Search the material below for the word "Used" and copy every line in which it occurs.

Data section Start Marker

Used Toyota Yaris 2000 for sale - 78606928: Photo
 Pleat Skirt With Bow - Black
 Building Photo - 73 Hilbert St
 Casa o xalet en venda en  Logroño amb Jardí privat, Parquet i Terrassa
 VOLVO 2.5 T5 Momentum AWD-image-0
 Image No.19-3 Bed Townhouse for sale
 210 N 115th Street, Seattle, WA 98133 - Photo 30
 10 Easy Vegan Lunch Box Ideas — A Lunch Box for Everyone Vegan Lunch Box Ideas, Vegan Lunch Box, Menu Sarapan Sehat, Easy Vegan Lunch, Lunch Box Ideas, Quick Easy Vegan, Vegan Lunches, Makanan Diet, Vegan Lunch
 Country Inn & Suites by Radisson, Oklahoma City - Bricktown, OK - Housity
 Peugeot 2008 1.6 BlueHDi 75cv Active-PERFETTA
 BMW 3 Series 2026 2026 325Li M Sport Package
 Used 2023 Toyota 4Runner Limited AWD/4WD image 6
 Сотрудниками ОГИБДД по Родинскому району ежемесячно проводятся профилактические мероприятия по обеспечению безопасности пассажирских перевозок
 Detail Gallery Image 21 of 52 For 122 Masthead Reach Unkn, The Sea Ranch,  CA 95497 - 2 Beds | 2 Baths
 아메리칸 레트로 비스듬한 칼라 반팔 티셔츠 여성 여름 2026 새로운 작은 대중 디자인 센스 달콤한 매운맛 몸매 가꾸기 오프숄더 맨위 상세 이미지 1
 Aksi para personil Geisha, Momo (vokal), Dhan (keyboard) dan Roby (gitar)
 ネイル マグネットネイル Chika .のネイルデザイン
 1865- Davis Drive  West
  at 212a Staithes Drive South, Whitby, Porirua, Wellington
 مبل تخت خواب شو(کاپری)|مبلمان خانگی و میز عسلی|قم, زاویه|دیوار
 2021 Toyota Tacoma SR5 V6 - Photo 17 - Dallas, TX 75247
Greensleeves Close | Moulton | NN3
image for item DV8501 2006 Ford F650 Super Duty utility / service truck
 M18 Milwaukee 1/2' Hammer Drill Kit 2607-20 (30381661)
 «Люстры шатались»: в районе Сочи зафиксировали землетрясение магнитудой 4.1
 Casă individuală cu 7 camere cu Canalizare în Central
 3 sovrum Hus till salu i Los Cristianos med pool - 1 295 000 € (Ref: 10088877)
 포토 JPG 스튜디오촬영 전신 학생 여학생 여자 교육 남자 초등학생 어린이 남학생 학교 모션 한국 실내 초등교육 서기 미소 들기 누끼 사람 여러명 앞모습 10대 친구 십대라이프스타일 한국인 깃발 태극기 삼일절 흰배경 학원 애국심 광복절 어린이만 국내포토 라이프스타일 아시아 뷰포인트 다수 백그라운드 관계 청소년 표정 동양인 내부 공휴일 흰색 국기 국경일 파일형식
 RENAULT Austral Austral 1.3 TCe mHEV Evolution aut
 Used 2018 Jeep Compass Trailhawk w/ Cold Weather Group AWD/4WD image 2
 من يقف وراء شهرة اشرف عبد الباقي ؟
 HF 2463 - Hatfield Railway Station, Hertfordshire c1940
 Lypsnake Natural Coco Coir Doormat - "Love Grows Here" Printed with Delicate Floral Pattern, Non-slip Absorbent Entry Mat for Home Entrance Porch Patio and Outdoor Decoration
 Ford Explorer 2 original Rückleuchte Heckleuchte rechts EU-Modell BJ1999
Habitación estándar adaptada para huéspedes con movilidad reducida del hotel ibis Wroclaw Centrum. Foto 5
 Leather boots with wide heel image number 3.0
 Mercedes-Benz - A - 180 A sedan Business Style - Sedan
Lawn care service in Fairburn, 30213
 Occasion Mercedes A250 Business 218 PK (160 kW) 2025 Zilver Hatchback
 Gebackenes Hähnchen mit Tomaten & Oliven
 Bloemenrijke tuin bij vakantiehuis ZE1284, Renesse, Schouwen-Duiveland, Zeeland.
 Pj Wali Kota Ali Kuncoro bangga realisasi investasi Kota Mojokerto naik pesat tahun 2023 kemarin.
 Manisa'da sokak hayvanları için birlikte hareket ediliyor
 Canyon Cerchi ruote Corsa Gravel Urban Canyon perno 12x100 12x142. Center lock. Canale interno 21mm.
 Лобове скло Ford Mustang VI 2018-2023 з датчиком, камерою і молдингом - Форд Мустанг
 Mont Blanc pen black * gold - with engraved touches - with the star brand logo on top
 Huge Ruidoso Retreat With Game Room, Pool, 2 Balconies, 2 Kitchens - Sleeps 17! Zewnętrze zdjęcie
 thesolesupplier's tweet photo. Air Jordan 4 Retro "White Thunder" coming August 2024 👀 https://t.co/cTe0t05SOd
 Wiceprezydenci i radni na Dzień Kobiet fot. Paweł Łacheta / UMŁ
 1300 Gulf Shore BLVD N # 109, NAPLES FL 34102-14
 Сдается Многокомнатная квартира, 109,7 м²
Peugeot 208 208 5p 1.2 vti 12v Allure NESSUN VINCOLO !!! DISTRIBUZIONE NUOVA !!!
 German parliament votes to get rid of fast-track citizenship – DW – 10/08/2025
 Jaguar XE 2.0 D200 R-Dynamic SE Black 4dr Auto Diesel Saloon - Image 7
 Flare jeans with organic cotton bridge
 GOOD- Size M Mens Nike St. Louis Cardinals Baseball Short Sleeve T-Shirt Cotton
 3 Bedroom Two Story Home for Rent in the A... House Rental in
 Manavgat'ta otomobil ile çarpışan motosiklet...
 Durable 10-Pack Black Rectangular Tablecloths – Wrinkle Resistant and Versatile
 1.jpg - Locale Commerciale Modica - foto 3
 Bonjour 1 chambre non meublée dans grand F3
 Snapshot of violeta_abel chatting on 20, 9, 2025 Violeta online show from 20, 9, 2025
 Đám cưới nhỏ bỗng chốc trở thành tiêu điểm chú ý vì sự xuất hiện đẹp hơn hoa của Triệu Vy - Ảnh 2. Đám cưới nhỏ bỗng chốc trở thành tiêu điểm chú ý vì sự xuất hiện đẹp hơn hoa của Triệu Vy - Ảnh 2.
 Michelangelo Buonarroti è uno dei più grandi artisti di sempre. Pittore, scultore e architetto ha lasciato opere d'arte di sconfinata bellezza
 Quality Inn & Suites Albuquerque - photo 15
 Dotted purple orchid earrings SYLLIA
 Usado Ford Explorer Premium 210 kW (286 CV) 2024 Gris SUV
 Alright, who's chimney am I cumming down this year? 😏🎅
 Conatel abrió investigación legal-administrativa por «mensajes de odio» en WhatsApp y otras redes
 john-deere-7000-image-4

Data section End Marker

**Task output:**
Used Toyota Yaris 2000 for sale - 78606928: Photo
 Used 2023 Toyota 4Runner Limited AWD/4WD image 6
 Used 2018 Jeep Compass Trailhawk w/ Cold Weather Group AWD/4WD image 2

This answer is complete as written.